The use of alcohol does not decrease the chances of sustained virologic response (SVR) among patients initiating direct-acting antiviral (DAA) therapy for chronic hepatitis C virus infection, according to a study published in September in JAMA Network Open.
Sustained virologic response means that the hepatitis C virus is not detected in the blood 12 weeks or more after completing treatment–something that in almost all cases means that the virus has been cured.
Dr Emily J. Cartwright from the Atlanta Veterans Affairs Medical Center and her colleagues evaluated whether alcohol use at DAA treatment initiation is associated with a decreased likelihood of SVR. The extremely wide-ranging analysis included almost 70,000 patients with chronic hepatiitis C who started DAA therapy between the start of 2014 and midway through 2018.
The researchers found that 94.4 per cent of patients achieved SVR. Overall, 46.6 per cent of participants were abstinent and not considered alcoholics, 13.3 per cent were abstinent but had lived with alcoholism, 19.4 per cent had lower-risk consumption, 4.5 per cent had moderate-risk consumption, and 16.2 per cent had high-risk consumption, including alcoholics who were drinking heavily.

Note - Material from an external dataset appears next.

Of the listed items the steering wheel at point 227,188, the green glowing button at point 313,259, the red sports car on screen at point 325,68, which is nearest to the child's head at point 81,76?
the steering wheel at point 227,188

Remarkably, there was no difference in SVR across alcohol use categories, even for patients with high-risk consumption, when adjusted for other factors. Furthermore, there was also no interaction by stage of hepatic fibrosis.
“These findings suggest that restricting access to DAA therapy on the basis of alcohol use creates an unnecessary barrier for patients and challenges HCV elimination goals,” the authors write. Based on this research, the argument for DAA therapy being made available to everyone living with hepatitis C becomes even stronger.
In Australia, DAA treatment for hepatitis C is available on the Pharmaceutical Benefits Scheme, and has a cure rate of over 95 per cent.